Like Tim, I've never met any scientist that would use that argument, irrespective of philosophical opinion on animal experimentation. But if you can find one published in a reliable source then lets use them as a source of scientific criticism, rather than non-experts like Newkirk. Rockpocket 23:30, 11 December 2007 (UTC)[reply]
I don't know how to answer this because it's one the key arguments. Pietro Croce, for example (former vivisector for many years in Italy, U.S. and Spain), talks about how Nazi experiments on Jews were useless scientifically (leaving the morality aside) because people torn from their families, transported in cattle trucks, kept starving in close confinement and in terror, aren't going to respond in the way people not so treated would respond. He raises the comparison to highlight the nonsense of experimenting on animals kept in environments that terrify them, or expose them to extreme boredom or other stress. As he says, "One does not have to be an expert to realize that a sick organism is not the same as a healthy one. Even the simplest illness changes many (if not all) biochemical parameters, in ways that can be quantified and even in ways beyond our ability to quantify." Any pointers such experiments might offer are "too vague to be valid in scientific terms ..." (Vivisection or Science, 1999, pp. 98-104). SlimVirgin (talk)(contribs) 02:00, 12 December 2007 (UTC)[reply]
I realise you might not have much experience of scientific research, so take a simple example. You inject bacteria into a set of ten mice. Then you inject either an antibiotic into five of this set of mice, or just water into the other five. The mice are all kept together in the same cage.
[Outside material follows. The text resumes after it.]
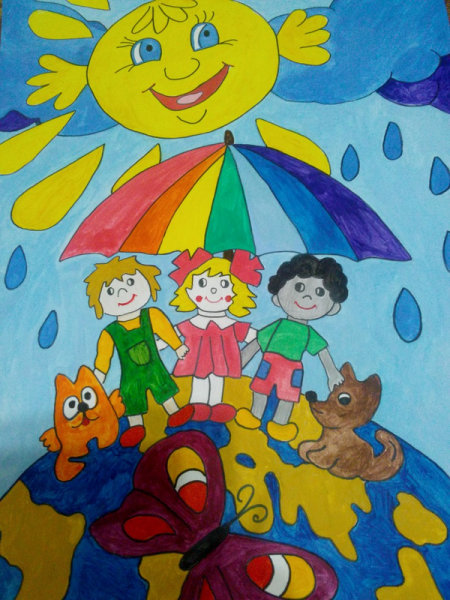 Детские рисунки на тему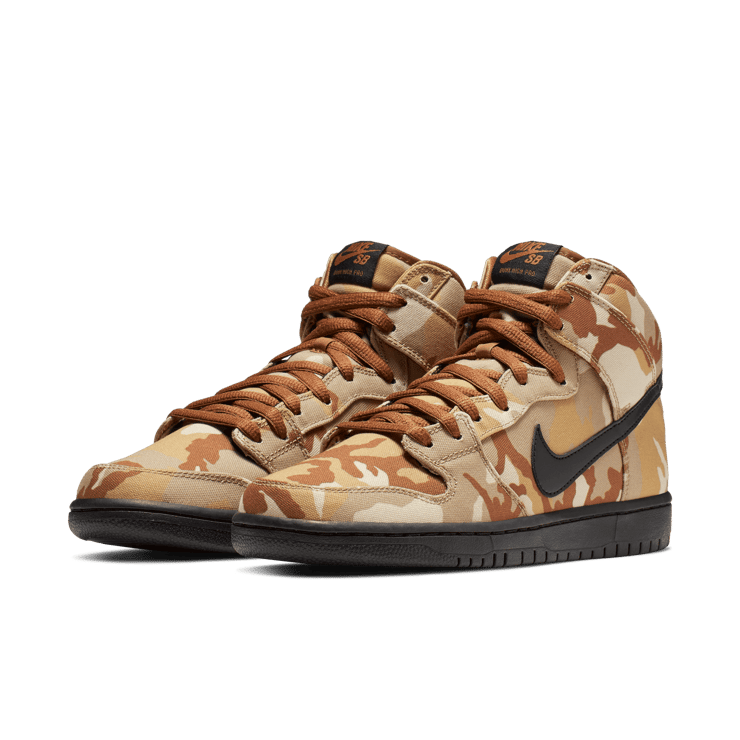 Nike SB Dunk High Pro Desert Camo Angle 2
You compare the course of the disease in the mice without antibiotics (untreated controls), with the course of the disease in the mice that received the drug (experimental group). Any difference between the controls and the experimental group is due to the effect of the drug. Tim Vickers (talk) 01:53, 12 December 2007 (UTC)[reply]
But if you increase the complexity even slightly, you'll see that the same model won't hold. How would you deal with the neuroplasticity example I gave above, where individual primates are being handled quite differently -- some roughly, some not, with different individuals reacted differently to the various stressors? How could a researcher, trying to be rigorously scientific, handle the enormous number of variables? SlimVirgin (talk)(contribs) 02:00, 12 December 2007 (UTC)[reply]
Indeed, some experiments are easy to control, others are more difficult. However, since most toxicology, drug development and disease research are just as simple as I described, you can see that the large majority of animal experimentation is very rigorous and the results reliable. I wasn't disagreeing with the idea that some research will be skewed by studying captive animals (behavioral research being an obvious example), but to go from a minority of complex cases to casting a blanket judgement on the majority of simple experiments is unsound. I'm sure some people do make such erroneous judgments, and their point of view should be included, but this is not an informed opinion. Tim Vickers (talk) 02:14, 12 December 2007 (UTC)[reply]
But this gets us right back to the point I raised above. Anyone who disagrees is regarded as "not informed." Professor Croce is a professor emeritus of pathology at the University of Milan, a member of the American College of Pathologists, was in charge of the research labs at the L. Sacco Hospital in Milan for 30 years, and has worked in research labs in various hospitals in the U.S. and Spain. But because he disagrees, he is suddenly not informed. SlimVirgin (talk)(contribs) 02:24, 12 December 2007 (UTC)[reply]
Even highly intelligent people sometimes say things that are obviously untrue. As the simple example I explained above shows, much animal testing in vertebrates is perfectly rigorous, which is before you even consider testing in invertebrates - animals that will suffer no stress in captivity. However, if Professor Croce's opinion is notable, it should be included, but even a simple appreciation of the facts disproves his idea. Tim Vickers (talk) 03:48, 12 December 2007 (UTC)[reply]
Grrrrr. I had just composed an elegant but devastatingly convincing reply that would have completely turned SV into a flag-waving, meat-eating, bunny-slicing vivisector. Sadly, it edit conflicted with Tim's archiving. Now it will never be read and she will remain a thorn in the research establishment's side for a while longer... ;) Rockpocket 19:08, 12 December 2007 (UTC)[reply]
We use that archive approach to cut off interesting but off-topic discussions quite a lot on the Evolution talk page! Tim Vickers (talk) 19:36, 12 December 2007 (UTC)[reply]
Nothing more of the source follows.